In this very close US presidential election, early voting could be the deciding factor for which candidate wins the race - Barack Obama or Mitt Romney.
More than one-third of votes are expected to be cast before November 6.
All 50 states and Washington DC offer some type of early or absentee voting.
Early voting allows flexibility and convenience for people who may not be able to get to the polls on election day.
So far, according to the United States Election Project at George Mason University, 16 million Americans have already voted.
Obama's re-election campaign has concentrated on getting his party's supporters to the polls in advance because early voting was so influential in 2008.
Seventy-nine per cent of votes were cast early in Colorado, and they largely went for Obama. Obama won in the swing states of Colorado, Iowa, Florida, and North Carolina because of early voting.
Last week, Obama's campaign manager told reporters: "Every single day now is Election Day".
The president and first dady reinforced the message by voting early themselves.
Obama voted in person absentee while Michelle, his wife, mailed in her vote.
While the Obama campaign has made early voting part of its strategy, the Romney campaign isn't ceding the early vote.
They're also pushing their supporters to get to the polls now to prevent the early swell Obama enjoyed last time round.

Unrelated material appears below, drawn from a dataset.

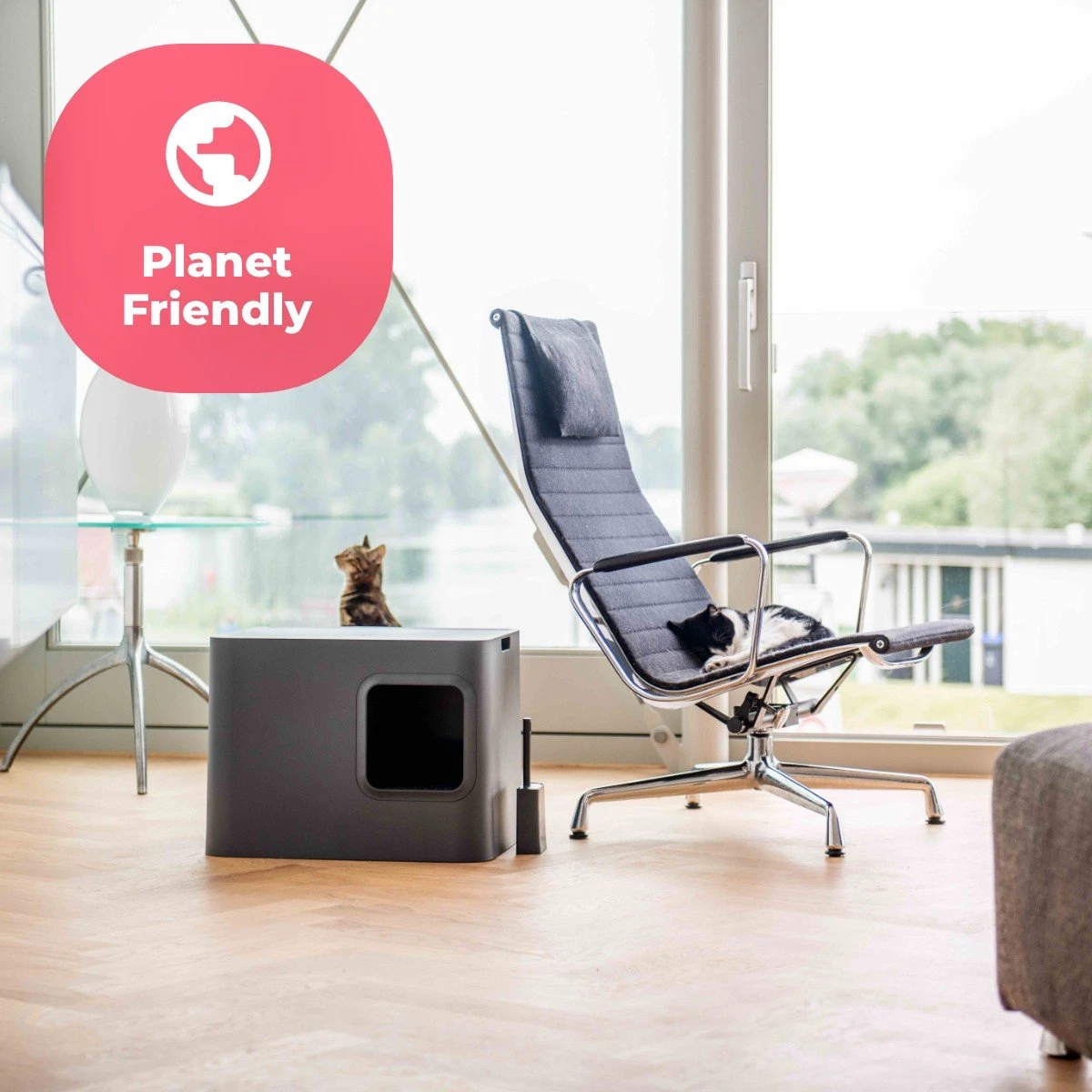 Hoopo® Dome Kattenbak Grijs - Kattenbak - Kattenbakschep - Kattenbakmat 9 Hoopo® Dome Kattenbak Grijs - Kattenbak - Kattenbakschep - Kattenbakmat - Afbeelding 7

A Gallup poll from October 29 found it may be working. Fifty-two per cent of those who have already voted cast their ballots for Romney. Forty-six per cent voted for Obama.
But Hurricane Sandy is complicating the get-out-the-vote early push, particularly in Virginia.
Local governments which administer early voting shut down in several key counties because of the storm.
Election officials promised polling places would be given a high priority for restoration of electricity following the storm.
As localities clean up after Sandy, it's unclear what the long term impact on the election will be.
The candidates have cancelled more than two dozen campaign stops because of the storm.
Obama will be off the campaign trail for at least three full days. And Romney has slowed his schedule and moved events out of Virginia to other swing states like Ohio.
But the storm could suck the wind out of his momentum by taking the national focus away from the race.
With only a handful of days left until the election, both candidates need as much time on the campaign trail as possible, taking advantage of every opportunity to shake hands and kiss babies to convince voters to commit early by casting a ballot before the big day.